Il numero di palle perse, con l’avanzare dei playoff, è andato aumentando anche quest’anno, in piena linea con quanto visto nella passata stagione, fino a toccare il fondo alle Conference Finals:
- primo turno contro i Lakers: 31 assist, 6 palle perse
- secondo turno contro gli Warriors: 28 assist, 17 palle perse
- Conference Finals contro i Thunder: 23 assist, 16 palle perse
Sono numeri grezzi che non considerano assist potenziali e “hockey assist” (assist di un compagno a un altro nato dal proprio passaggio), ma piuttosto esplicativi delle difficoltà incontrate da Edwards contro difese pressanti e versatili.
La palla esce spesso con un paio di tempi di ritardo dai raddoppi, e male - i passaggi rasoterra di stampo calcistico sono la specialità della casa - dando il tempo alla difesa di aggiustarsi. Letture come il semplice penetra-e-scarica e anche leggermente più avanzate come lo skip pass nell’angolo opposto, il minimo sindacale richiesto contro le difese playoff, sono parte del repertorio, ma non ancora del tutto naturali, bensì molto meccaniche, eseguite quasi a memoria. Il che lo porta, al primo errore, a doverci pensare un po’ troppo, sebbene i miglioramenti siano evidenti.
E soprattutto sono incoraggianti, rispetto anche solo a un paio di mesi prima dei playoff, quando Edwards lamentava addirittura dubbia volontà e una certa pigrizia nel dover svolgere queste mansioni da playmaker.
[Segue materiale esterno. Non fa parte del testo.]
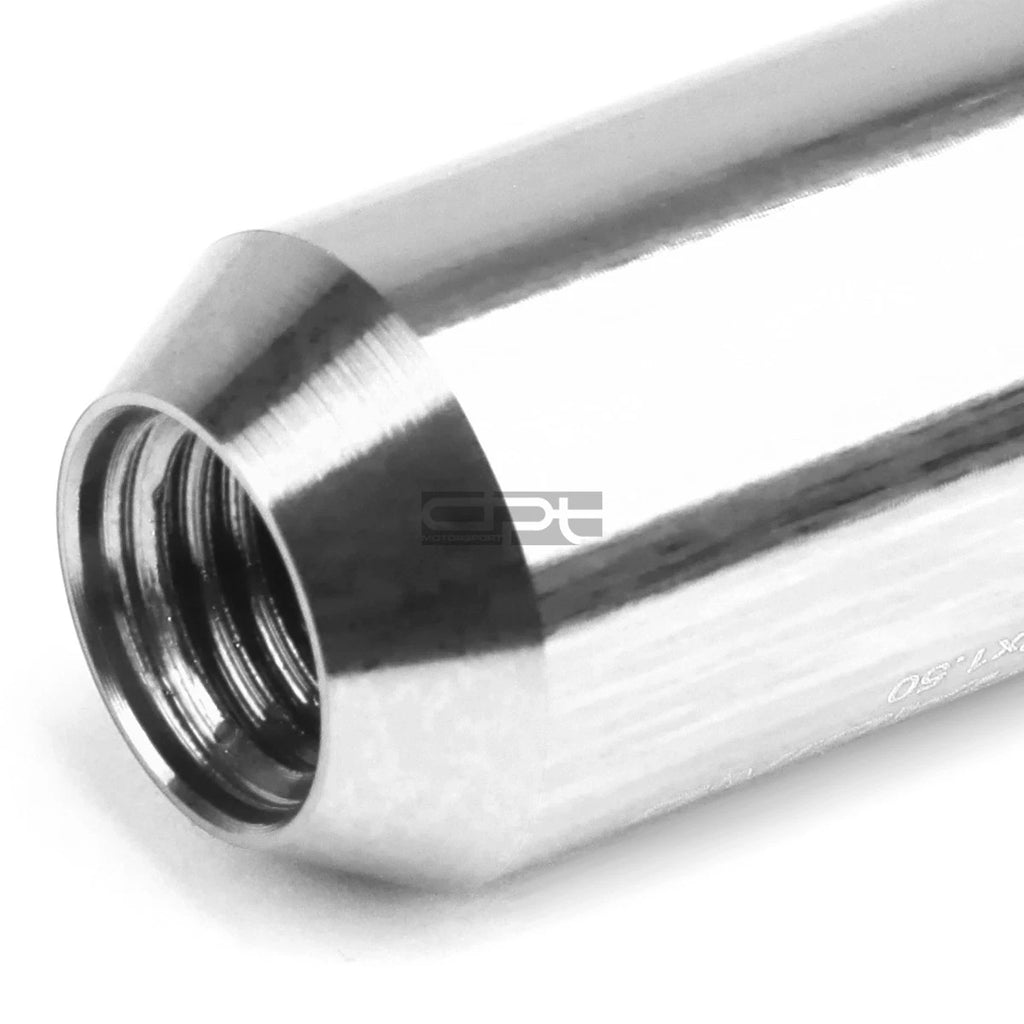 Open-End Aluminum Silver Lug Nuts Set of 4 + Adapter M12x1.5 20mm OD/60mm Tall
Pigrizia che si manifesta talvolta anche nell’altra metà campo. I mezzi che madre natura gli ha donato consentirebbero a Edwards di essere un egregio difensore in aiuto, specialmente come rim protector secondario, ma l’incapacità di leggere quello che gli succede attorno a lui, e conseguentemente di non trovarsi nella posizione corretta sono il suo punto debole peggiore ad alto livello.
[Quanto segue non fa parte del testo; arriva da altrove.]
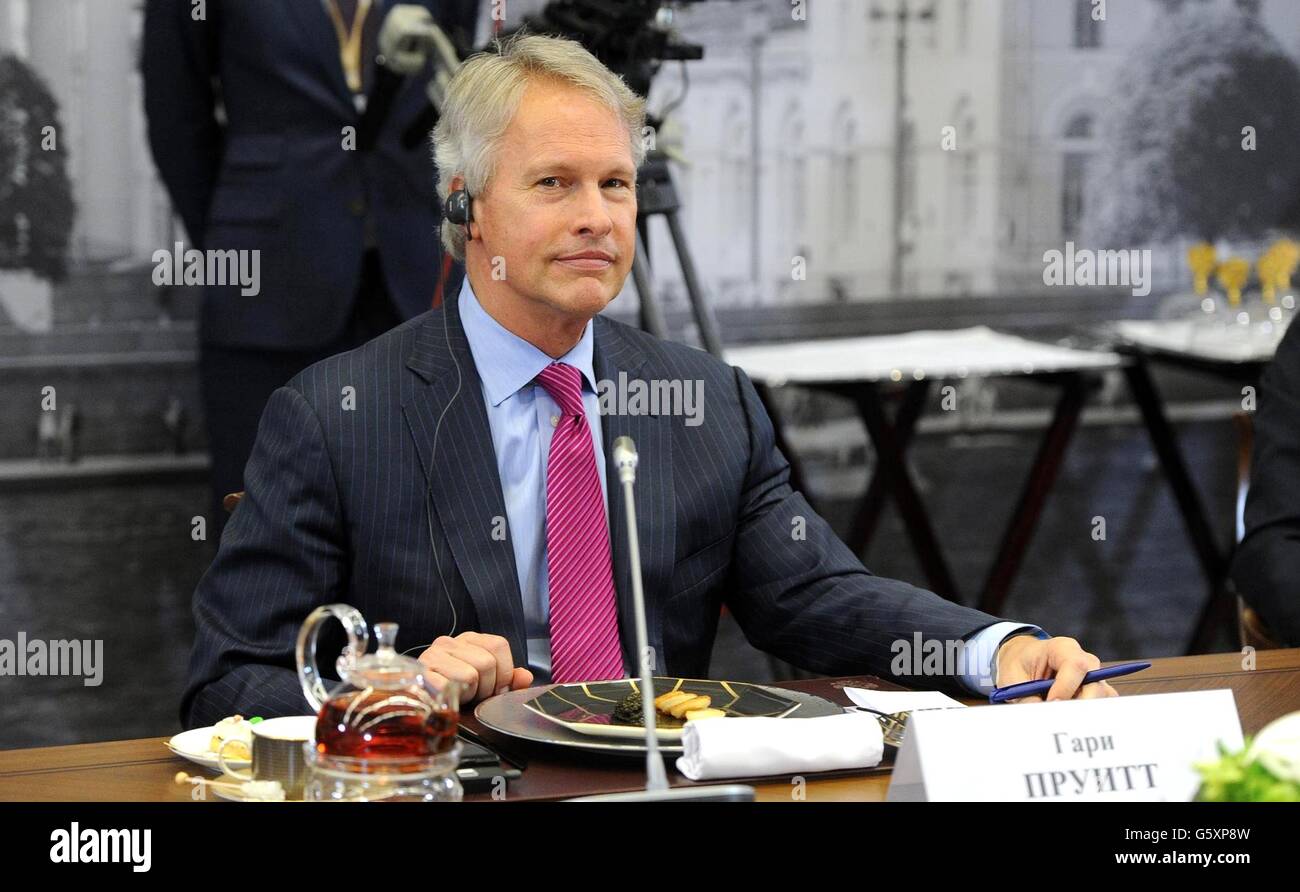 President of Associated Press Gary Puitt during a meeting with Russian President Vladimir Putin and international news agencies on the sidelines of the St. Petersburg International Economic Forum June 17, 2016 in St. Petersburg, Russia. Stock Photo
Lo scorso anno, la serie contro i Dallas Mavericks ha esposto questa sua kryptonite e i Thunder sono riusciti a sfruttarla quasi involontariamente per strappare una gara-4 che avrebbe riportato la serie in parità. In un finale punto a punto, Edwards è rimasto spaesato su un taglio di Chet Holmgren da rimbalzo in attacco, perdendo traccia sia del proprio uomo che della palla, e poco dopo ha concesso a Caruso due facili punti non rimpiazzando DiVincenzo in aiuto al ferro.